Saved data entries
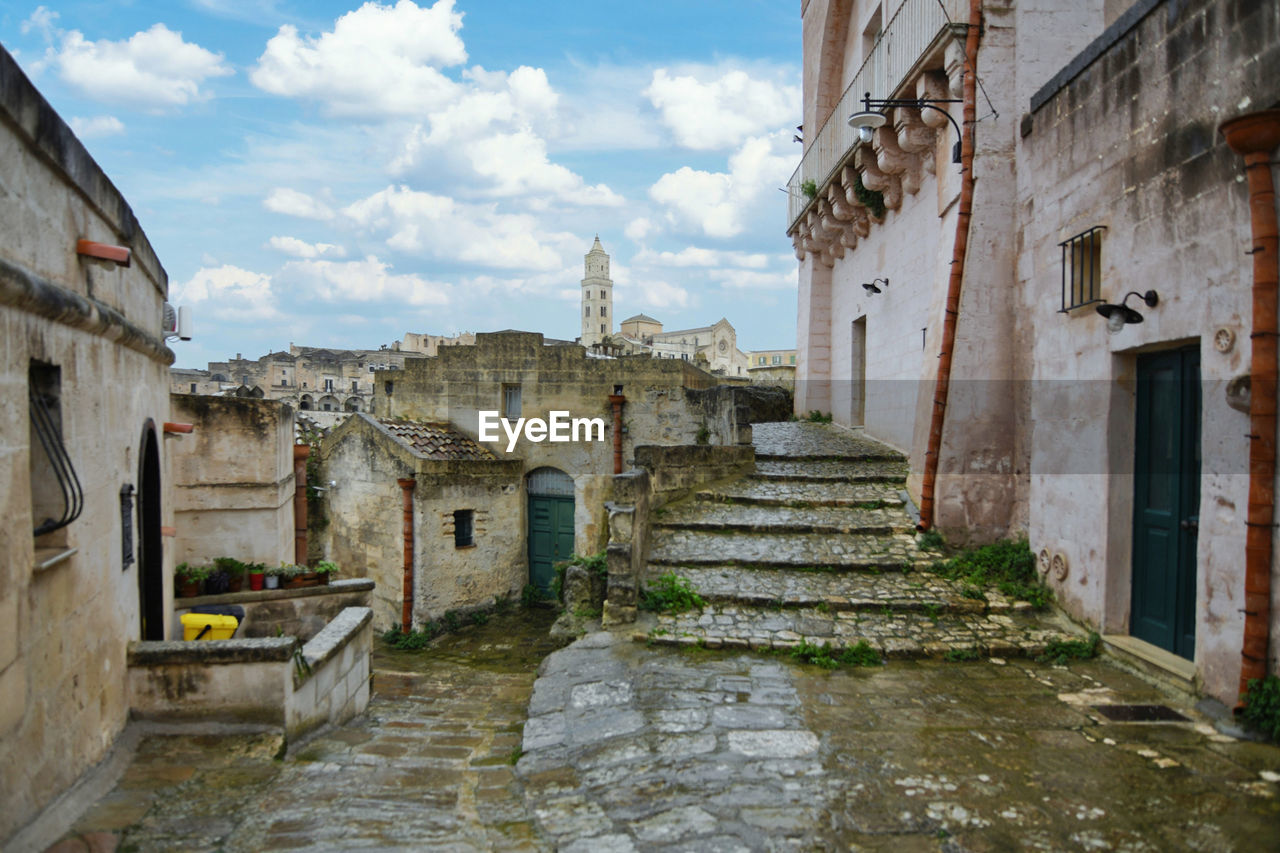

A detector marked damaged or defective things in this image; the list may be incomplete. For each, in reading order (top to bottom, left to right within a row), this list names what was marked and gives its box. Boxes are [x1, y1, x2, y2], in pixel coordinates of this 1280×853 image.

rusted metal pipe [916, 0, 972, 527]
rusted metal pipe [293, 438, 311, 563]
rusted metal pipe [396, 479, 417, 630]
rusted metal pipe [611, 389, 627, 471]
rusted metal pipe [1218, 106, 1280, 701]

* _Your objective_
Could you transcribe every entry exactly, leaving out the pictures?

* _Result_
A detector marked damaged or defective things in this image; the list may be incomplete. For each, in reading order (top to bottom, left to right within a row), this list names what was marked and gives its box. Boxes are [x1, y1, x2, y2], in pixel coordinates of this 1280×853 image.

rusted metal pipe [916, 0, 972, 527]
rusted metal pipe [293, 438, 311, 563]
rusted metal pipe [396, 479, 417, 630]
rusted metal pipe [611, 389, 627, 471]
rusted metal pipe [1218, 106, 1280, 701]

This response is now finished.